__INSTRUCTIONS TO FOLLOW__.
Restate, exactly as written, the entries below from the line that holds "Rose pink plain" through the line that holds "Paul - Open". Pictures are not part of the copy.

__INFORMATION SUPPLIED__.
- - - - -
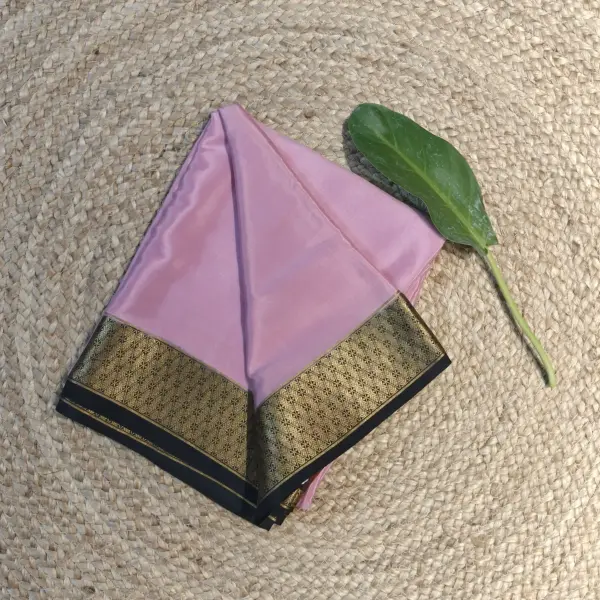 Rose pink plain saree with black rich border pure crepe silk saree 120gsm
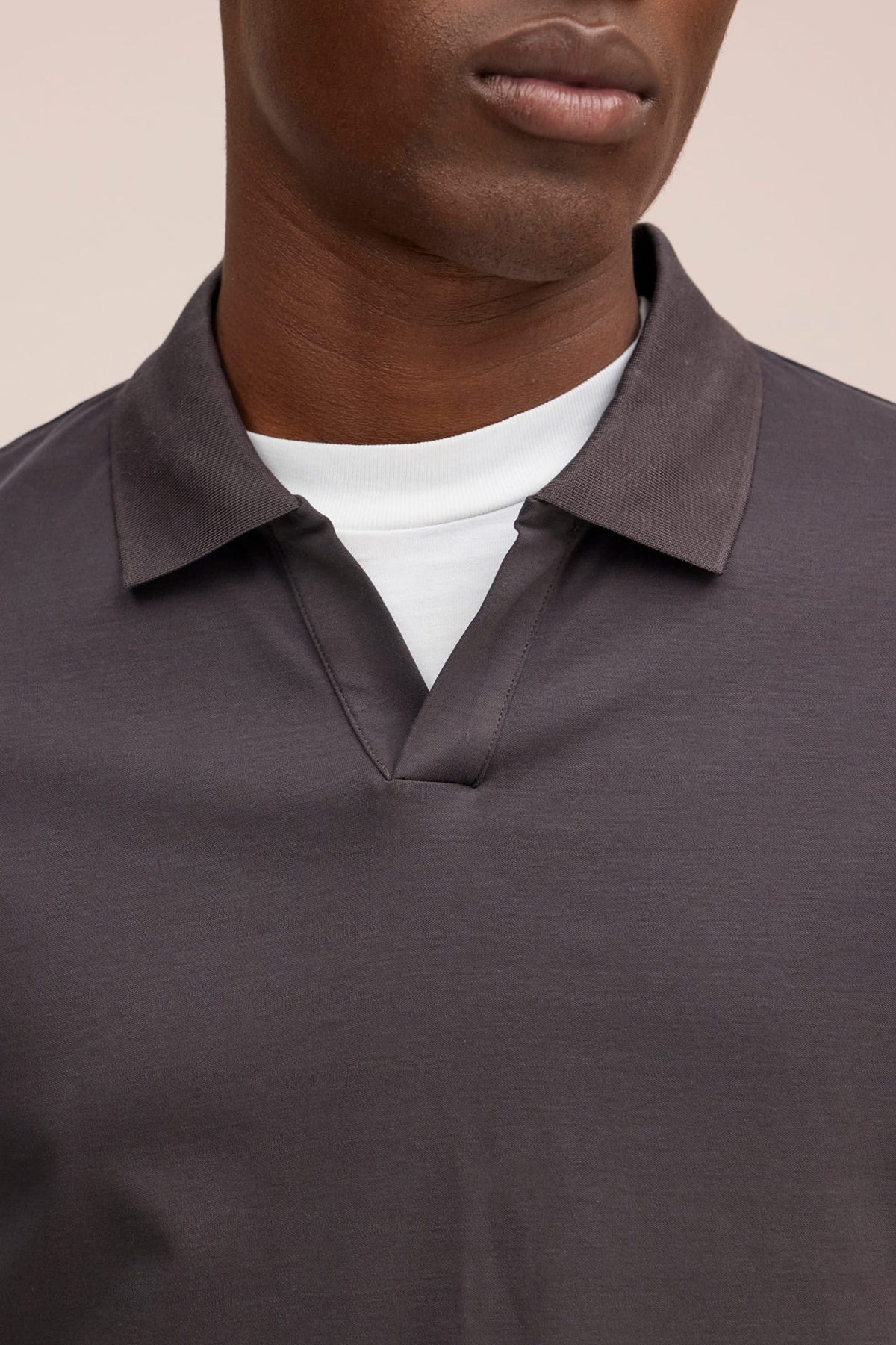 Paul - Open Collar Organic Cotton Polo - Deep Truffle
- - - - -
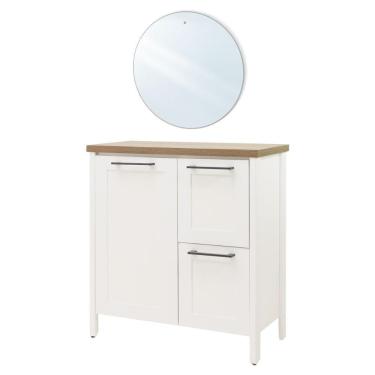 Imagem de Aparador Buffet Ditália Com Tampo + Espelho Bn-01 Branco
- - - - -
__ANSWER TO THIS PROBLEM__.
 Rose pink plain saree with black rich border pure crepe silk saree 120gsm
 Paul - Open Collar Organic Cotton Polo - Deep Truffle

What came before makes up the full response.